When I first heard of Julia Cameron’s book The Artist’s Way, I disdained it. Self-help books were for losers and wannabes. At the time I had just received my MFA in Creative Writing. Suddenly adrift without the structure provided by grad school, I suffered serious writer’s block—but I did so, nobly, in silence. Then a gifted poet I was coaching told me he found the book useful. And a PhD candidate at MIT’s Media Lab said the book was helping him write his dissertation.

Guess I needed permission! I started working with the book. One day I mentioned to a fellow poet what I was up to. “Sarah, do you have ‘writer’s block’?” he asked, the air quotes weighted with derision. Clearly it was wrong to be blocked, or say so, or seek a remedy. I had an ugly afternoon, contending with a cranky inner critic reawakened from its temporary slumber. But next day I went back to The Artist’s Way. Not long after, I completed my first full-length book.

Truth is, I’m still critical. Not of The Artist’s Way but of the cottage industry it spawned. Several weaker spinoffs followed—a depressingly common practice in the self-help world. (That said, if the spinoffs have helped you, I celebrate that.)

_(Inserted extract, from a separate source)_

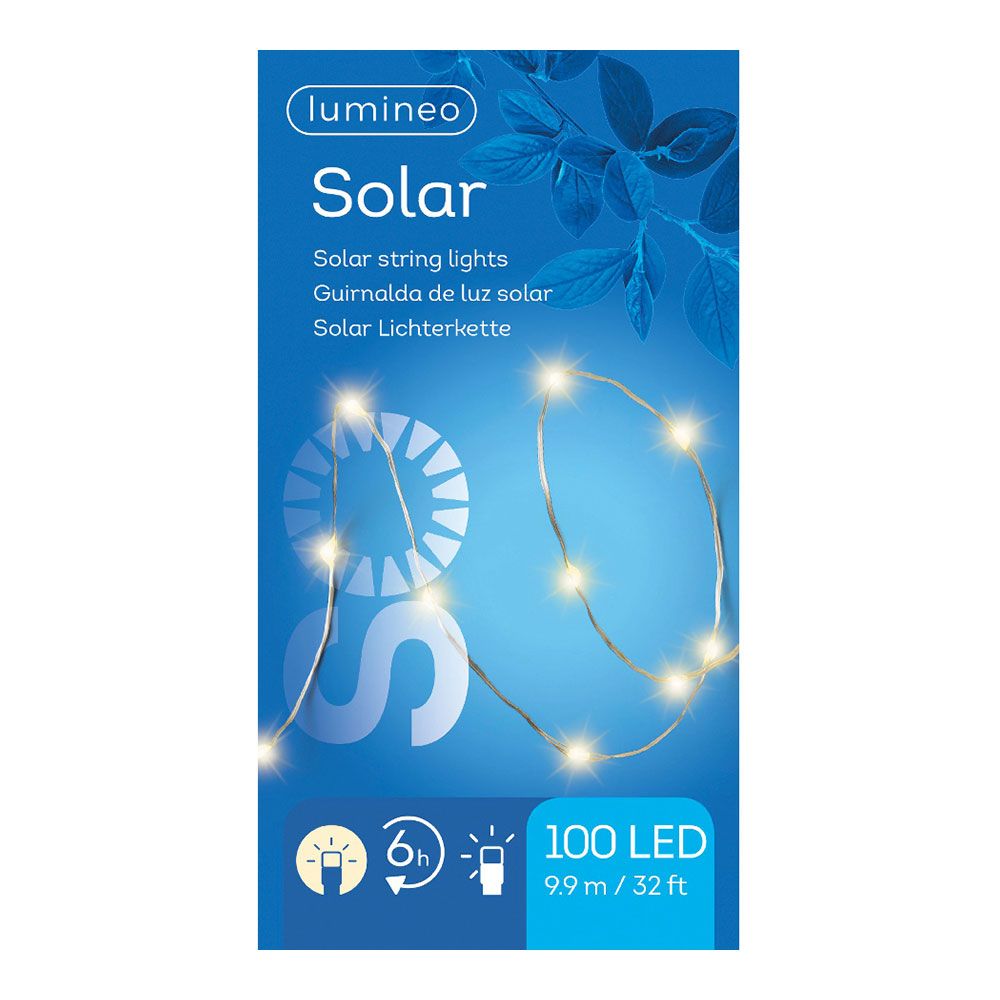 Grinalda solar 100 micro leds branco quente 9,9m lumineo - Image 3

But I value the first book’s core ideas and sometimes use them, or modifications thereof, with clients. The two most touted concepts are the Artist’s Date and Morning Pages. The first is a weekly solo date—arranging flowers in a vase, say, or strolling in a park, or visiting a gallery—that “fills the well” of creativity. The second is a daily free-write to override the inner critic and develop creative flow. But there’s a third that I treasure too: attending to serendipity.

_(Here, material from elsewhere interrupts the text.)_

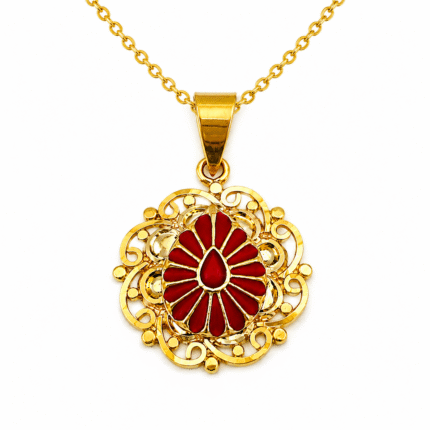 22K Hallmarked Brahma Kumaris Gold Pendant | BK Red Stone Meena Pendant | Sai Jewellers -BKGP20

Per Merriam-Webster, serendipity derives from a Persian fairy tale called “The Three Princes of Serendip” (love that!) and means “the faculty or phenomenon of finding valuable or agreeable things not sought for; also: an instance of this.” The Artist’s Way periodically enjoins readers to reflect on serendipitous events.

It’s weird: The more one pays attention, the more such instances seem to crop up, and the more significant they become. You start out hesitantly noting that when you rolled over in your sleep and accidentally thwacked your beloved, he happened to be having a nightmare he was grateful to be woken from. Pretty soon, you’re spotting God at the 7-11—where you never go but you got an inexplicable urge for a Slurpee. Even—or especially?—if you’re an atheist, bumping into God is pretty cool.

This serendipity exercise points to something mysterious and good about life. Call it God, call it spirituality, explain it scientifically like the Media Lab guy probably would. Regardless, attention to wonder creates more wonder. Noticing the way beauty arrives unbidden lifts the burden—temporarily, at least—of believing we’ve got to make everything happen. I think of it as life’s gentle reminder that we’re not the drivers we think we are. Sit back and chill for a moment, life is saying. Be a passenger. Enjoy the ride.